» **Data for analysis**

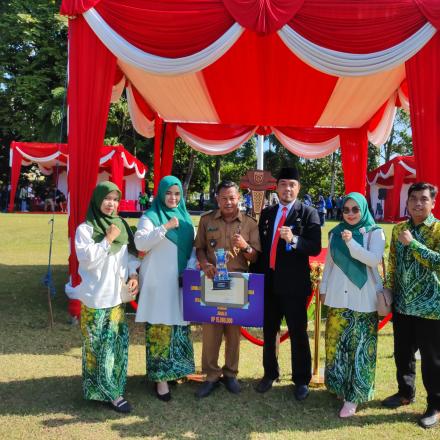 PEMDES BAWAHAN PASAR RESMI MENDAPATKAN JUARA II LOMBA DESA TINGKAT KABUPATEN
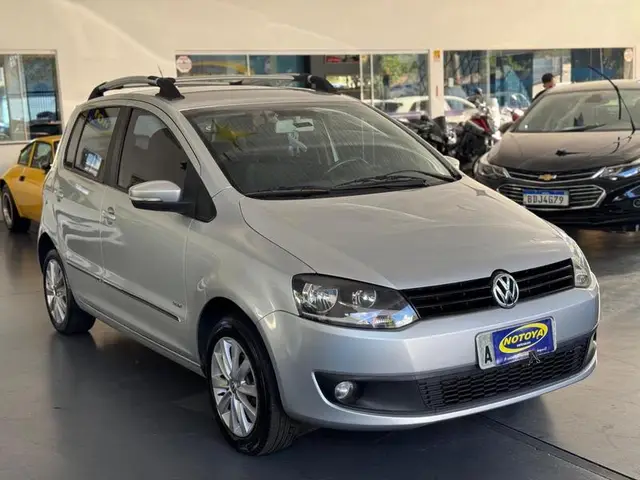 Carro Volkswagen Fox 2011 1.6 8V I-Motion (Flex)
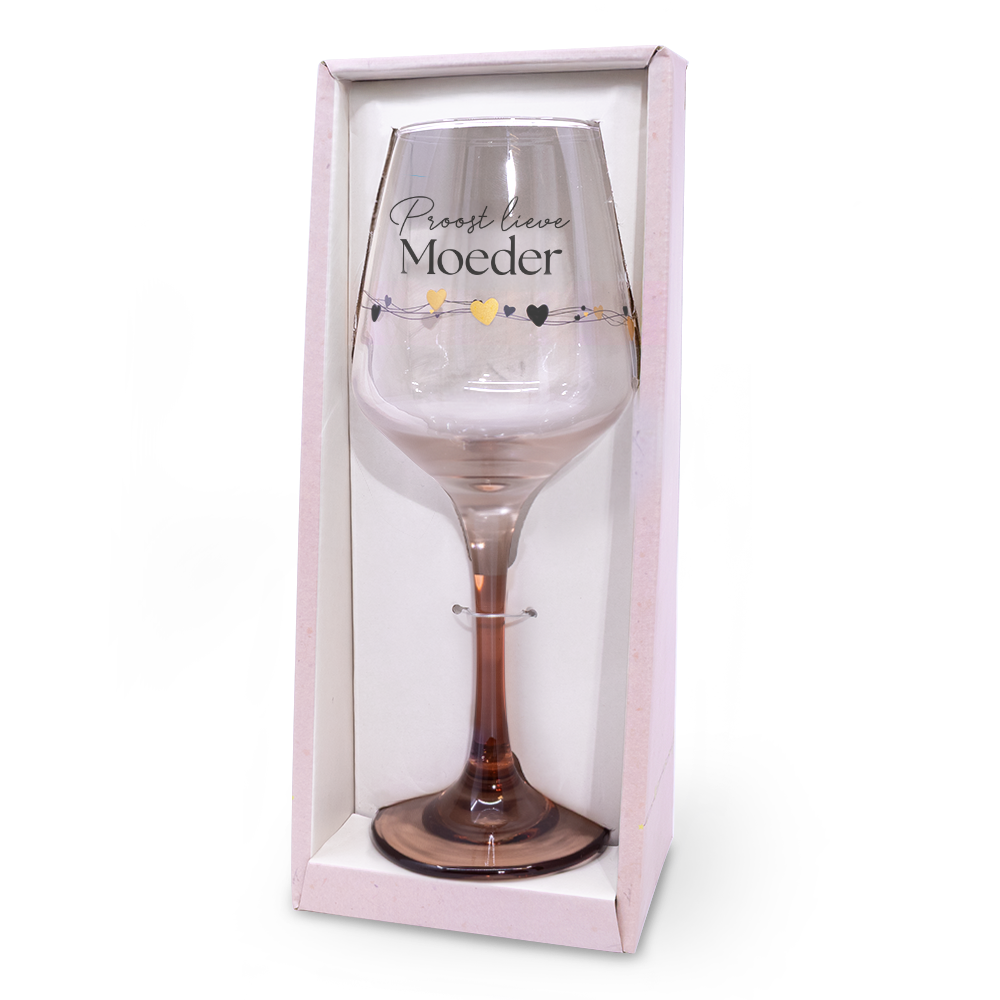 Een verjaardagsfeest, een feest voor pensioen of een bijzondere mijlpaal: het is tijd voor
champagne! Of een overheerlijke fles wijn. Gedronken uit een prachtig mooi glas, met
een unieke boodschap erop. Een boodschap speciaal voor het stralende middelpunt. De
wijn- en champagneglazen zijn stuk voor stuk voorzien van een luxe goud-zwarte
bedrukking en hebben een gekleurde voet. Verpakt in een prachtige halfopen
cadeaudoos zijn deze glazen een perfect cadeau voor alle feestelijke momenten.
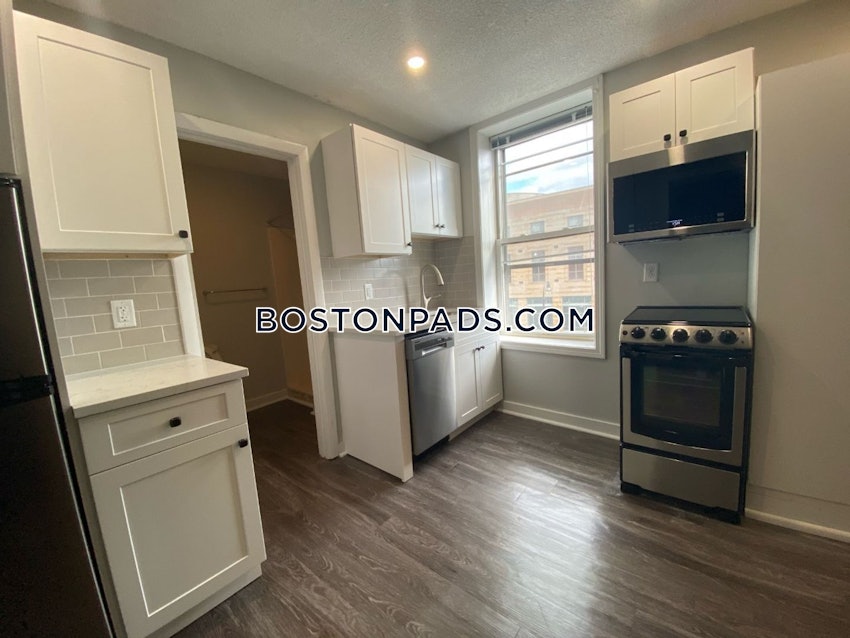 Worcester - Studio , 1 Bath - Image 2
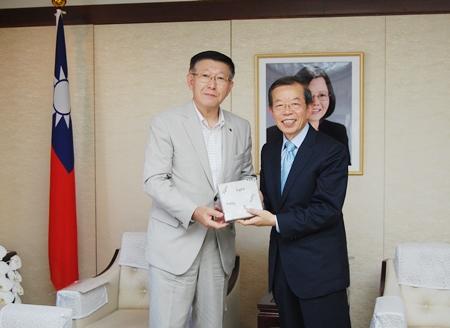 佐竹敬久・秋田県知事（写真左）、謝長廷・駐日代表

» **Action item**
Once the line with "Een verjaardagsfeest, een" is found in the data above, reproduce it and each line after it exactly, through the line with "wijn- en champagneglazen". Omit the pictures.

» **Written answer**
 Een verjaardagsfeest, een feest voor pensioen of een bijzondere mijlpaal: het is tijd voor
champagne! Of een overheerlijke fles wijn. Gedronken uit een prachtig mooi glas, met
een unieke boodschap erop. Een boodschap speciaal voor het stralende middelpunt. De
wijn- en champagneglazen zijn stuk voor stuk voorzien van een luxe goud-zwarte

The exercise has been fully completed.